Gross domestic product grew 0.7 percent on a yearly basis, much slower than the 3.6 percent rise in the fourth quarter of 2019 but confounding expectations for a decline of 1.5 percent.

On a quarter-on-quarter basis, the economy shrank 2.0 percent in the first quarter after rising 0.6 percent in the preceding period.

The expenditure-side breakdown showed that household spending growth eased to 6.7 percent, while government spending growth improved to 5 percent. Gross fixed capital formation fell 4.6 percent.

Exports and imports were down 7.1 percent and 2.5 percent, respectively.

The economy is forecast to contract in the second quarter but to gradually improve in the second half of 2020 driven by fiscal and monetary measures. A positive recovery is expected in 2021, in line with global growth, the bank said.

Alex Holmes, an economist at Capital Economics, said GDP figures were slightly better than expected but will provide little comfort, with the economy set to contract much more sharply this quarter as depressed domestic demand and an extremely weak external environment weigh on activity.

The economy is set to see more pain ahead as broader control measures to contain coronavirus will remain in place until June 9, Prakash Sakpal, an ING economist said. This means a virtually entire quarter of significantly sub-normal economic activity.

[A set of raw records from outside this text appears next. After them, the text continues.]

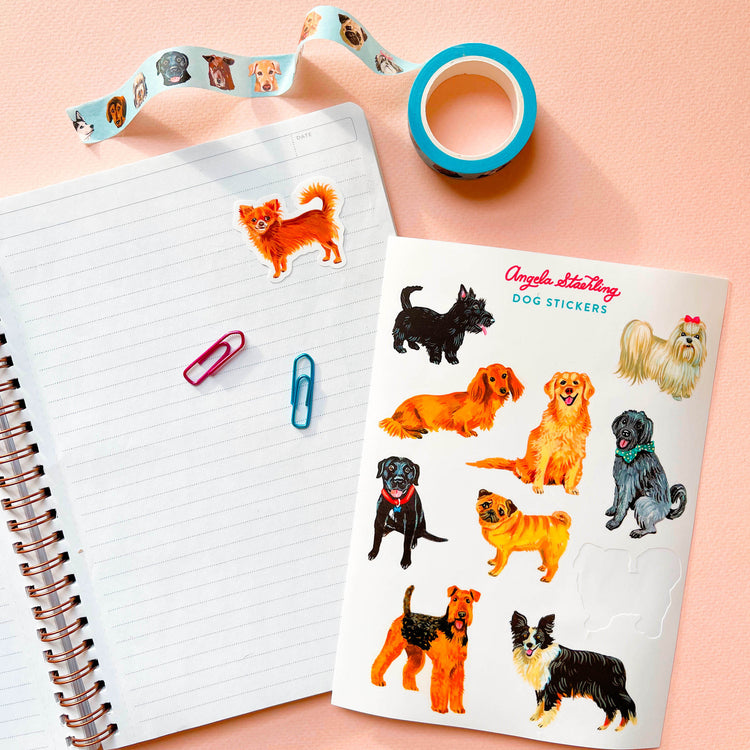 Dog sticker sheet and dog washi tape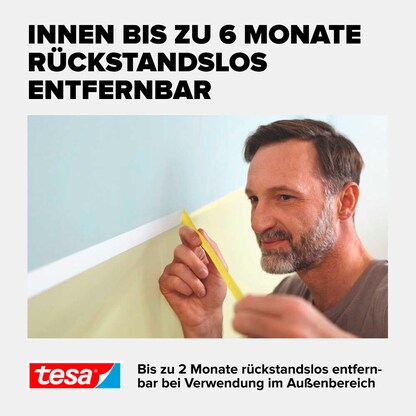 Artikelbild 5 für tesa PROFESSIONAL Malerband gelb 25,0 mm x 25,0 m 1 Rolle, Artikelnummer 723886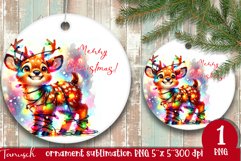 funny christmas deer Ornament Sublimation PNG Product Image 1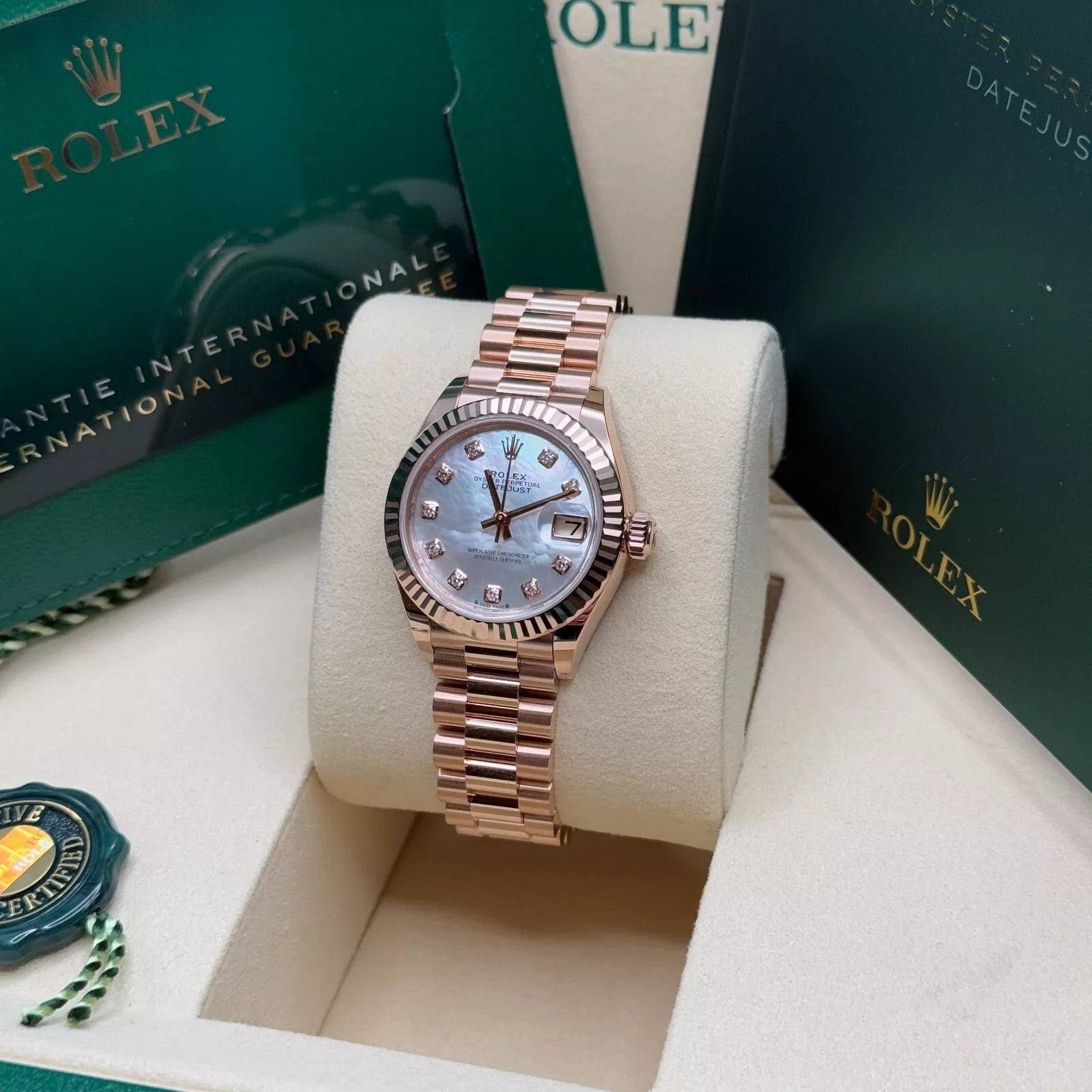 Rolex Lady-Datejust 28mm 279175 Mother-of-Pearl Dial President Everose Gold - Image 2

In the first quarter, headline inflation remained at a moderate 0.9 percent. Average headline inflation in 2020 is likely to turn negative, due mainly to projections of substantially lower global oil prices, the bank said.

Another report from the central bank showed that the current account surplus increased to MYR 9.5 billion from MYR 7.5 billion in the fourth quarter, driven by surplus in goods trade and the smaller deficit in primary income.